Sunday, July 24, 2005

Finished Harry Potter and the Half Blood Prince
Earlier in the week I relieved our babysitter as I returned from my last Information Architecture class, and I found her teary-eyed over her own copy of Harry Potter and the Half Blood Prince. She wiped her eyes and explained that she had cried over the death of Sirius Black in the last novel. At this point I was now certain about two things: someone important was going to die in the book near the end, and that our baby-sitter is more emotionally involved in the stories than myself. The death of Sirius Black in the last novel seemed a very matter-of-fact ending, since while Rowling is a master of narrative structure and form, in the end any character other than the protagonist Harry, is pretty thin.
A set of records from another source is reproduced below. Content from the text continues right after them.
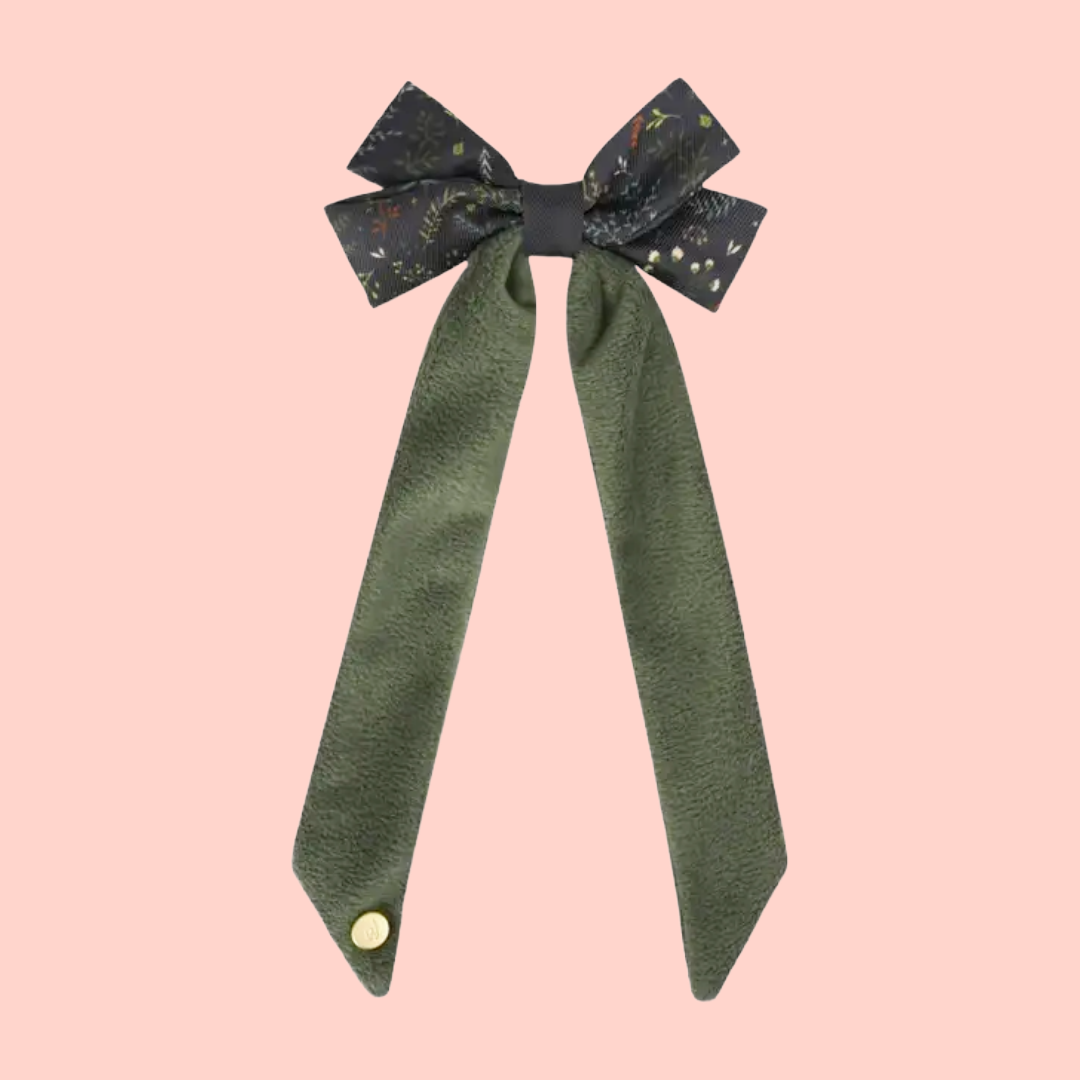 SET Vlinder Strik Hond + Haarclip Strik Voor Jou - Wyld Cub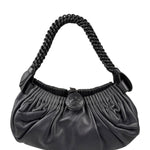 Bottega Veneta Braided Handle Leather Shoulder Bag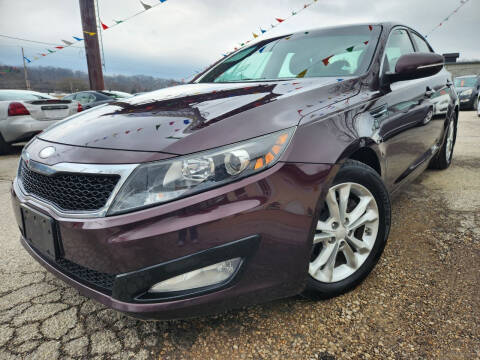 2013 Kia Optima for sale at BBC Motors INC in Fenton MO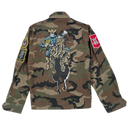 Warren Lotas Military Shirt Jacket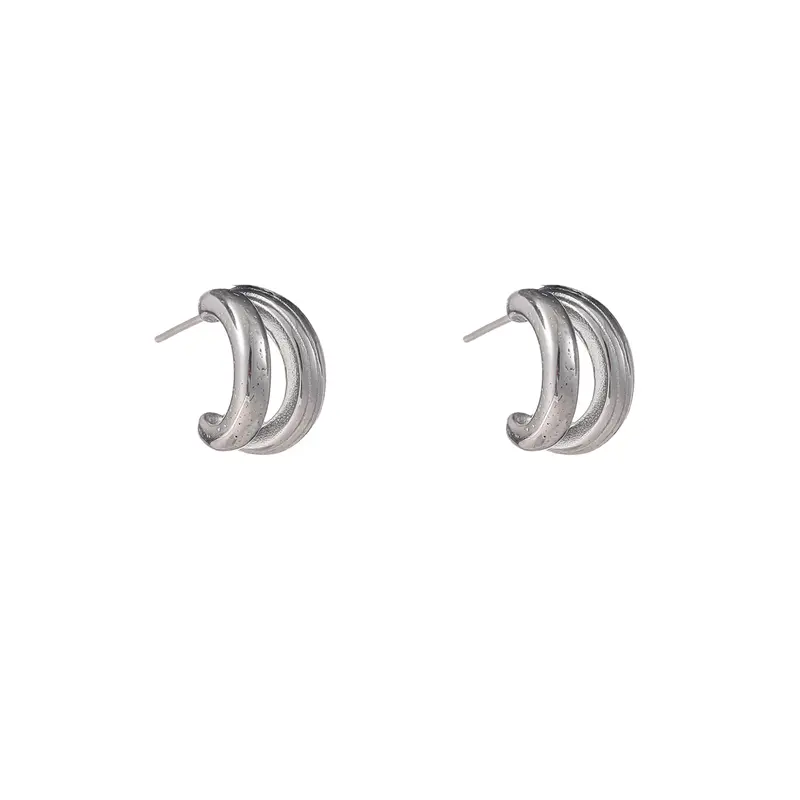 Go Dutch Label Oorknoppen 2way Hoop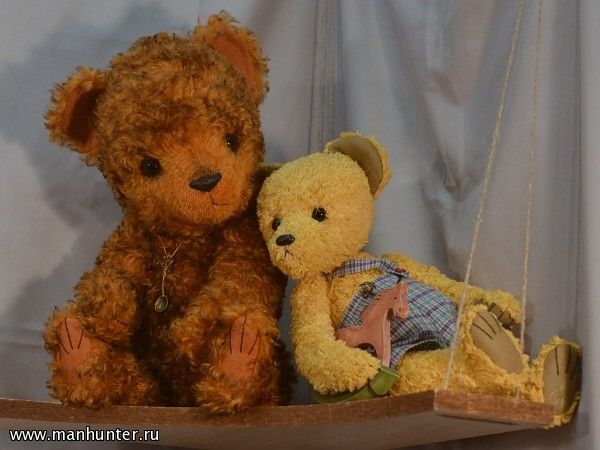 Выставка плюшевых медведей "Hello Teddy 2012"
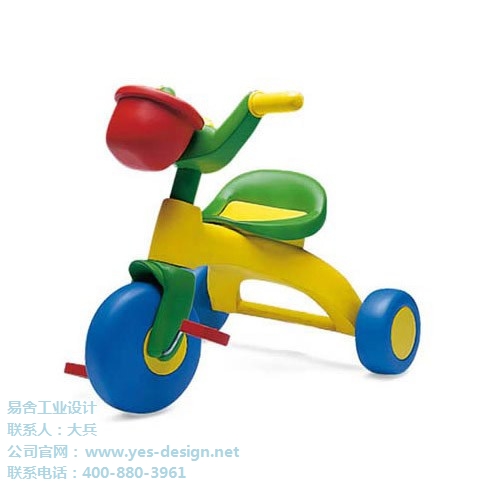 儿童三轮车设计服务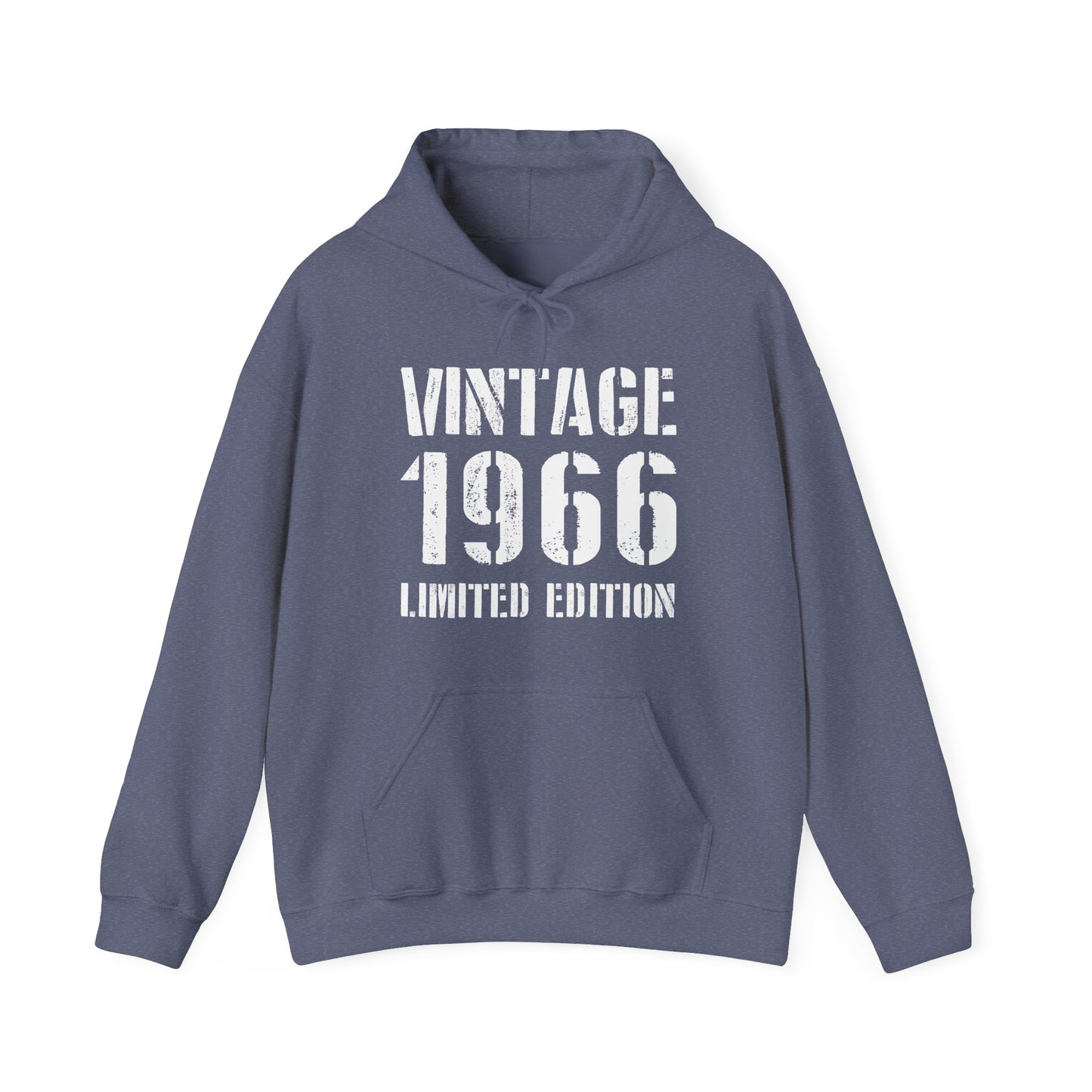 Funny Vintage 1966 60th Birthday Gifts 60 Year Old Hoodie For Men Women Hoodie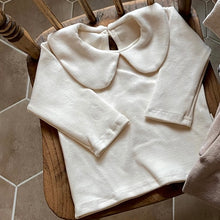 Load image into Gallery viewer, Round Collar Tee - Two Colours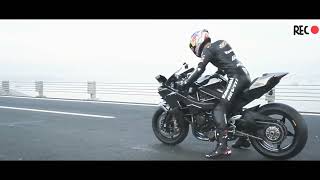 Kawasaki Ninja H2 Fast Try Invite Amazing Status You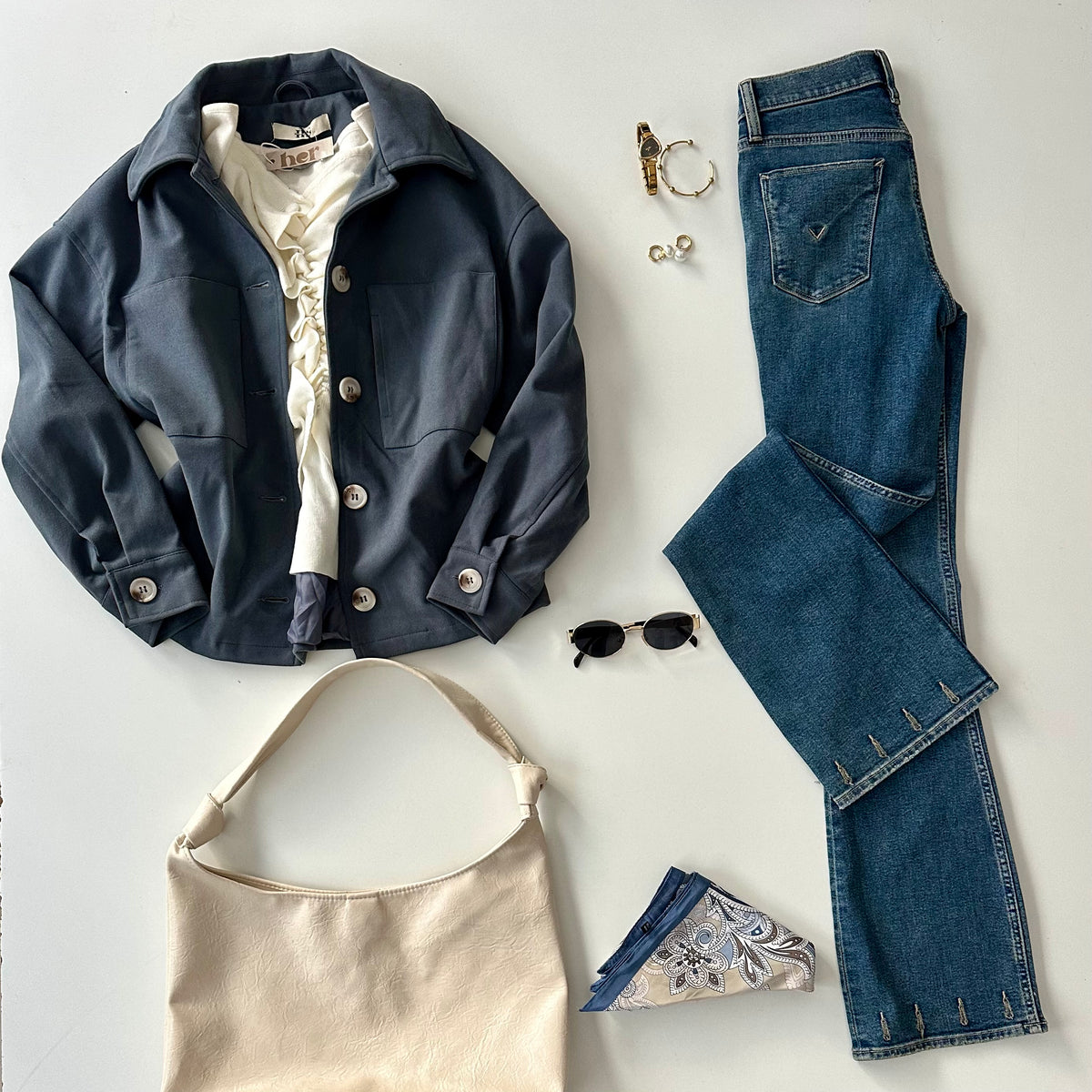 Jeans flare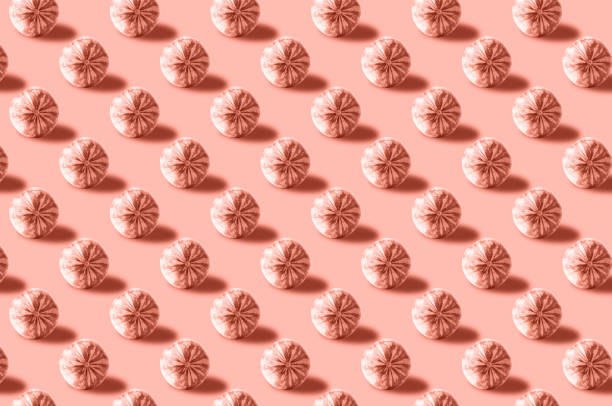 istock Trendy Pattern done with summer fruits background 1181718415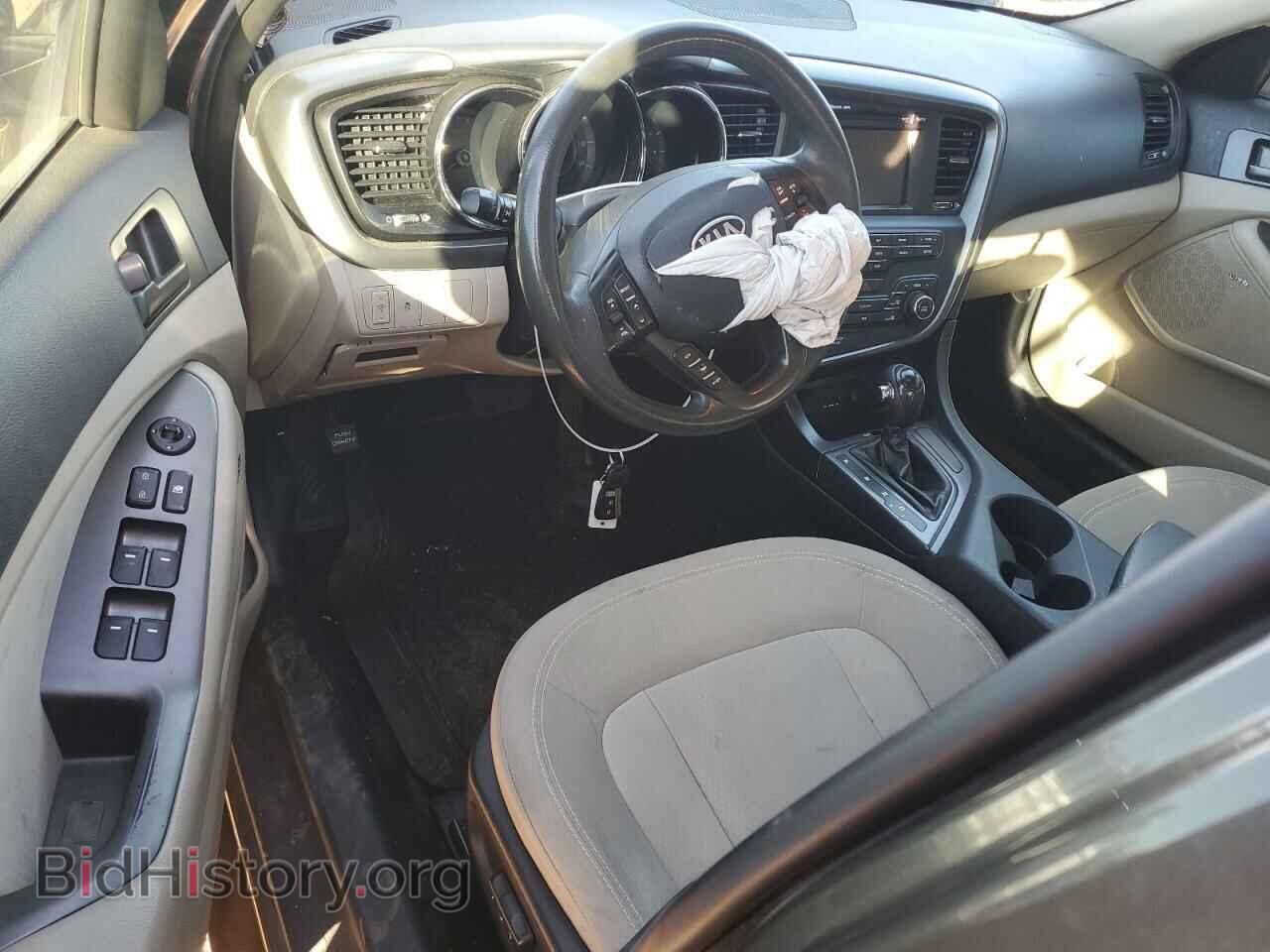 2011 KIA OPTIMA - VIN: KNAGM4A75B5101009 - Фото 8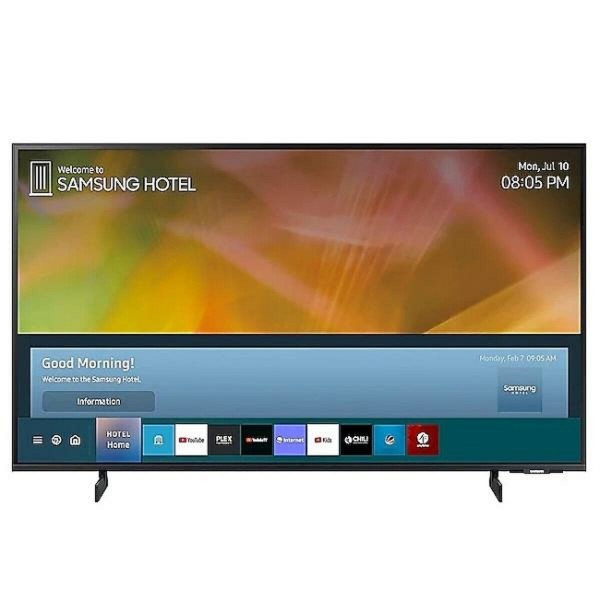 TV intelligente Samsung HG-AU800EEXEN 4K Ultra HD 43"
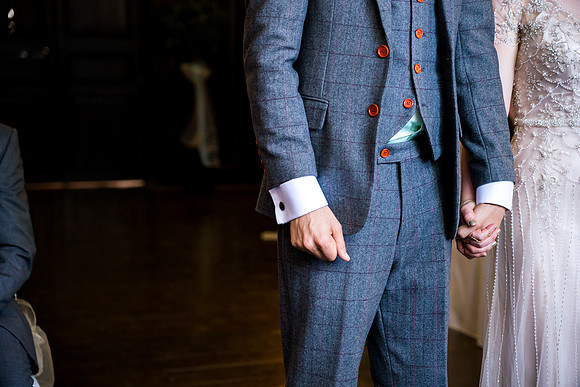 Laura and Richard's Wedding with Celynnen Photography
And that's exactly what I find to be the case with the latest Harry Potter novel. While Harry's character has certainly evolved, I can't say the same for the characters he has grown up with. Despite the dust-up between them in the book, even Hermione and Ron seem little changed since their debut in the first novel. The story is compelling, but the structural artifice of the narrative moves the characters around on the stage that is Hogwarts without delving further into the characters. Instead we get endless harping by Harry about how so-and-so is bad and is up to something, and when he turns out to be right, there are no unexpected twists to the tale. Unless you call the death of Dumbledore unexpected, which, given the series' propensity to rob Harry of Father figures at every turn (first his real father, then his Godfather Sirius who must first go into hiding and then dies, and now Dumbledore) was predictable given the particular focus on him in this book.

So I didn't cry at the death of Dumbledore. In the end it was just flat words on a page for me, just another character removed from the stage out of structural necessity for the series to move forward.

More than anything I was hoping for something to surprise me in this latest installment. In the end it was a fun story, well-written and taught but ultimately thin, and holding no real surprises.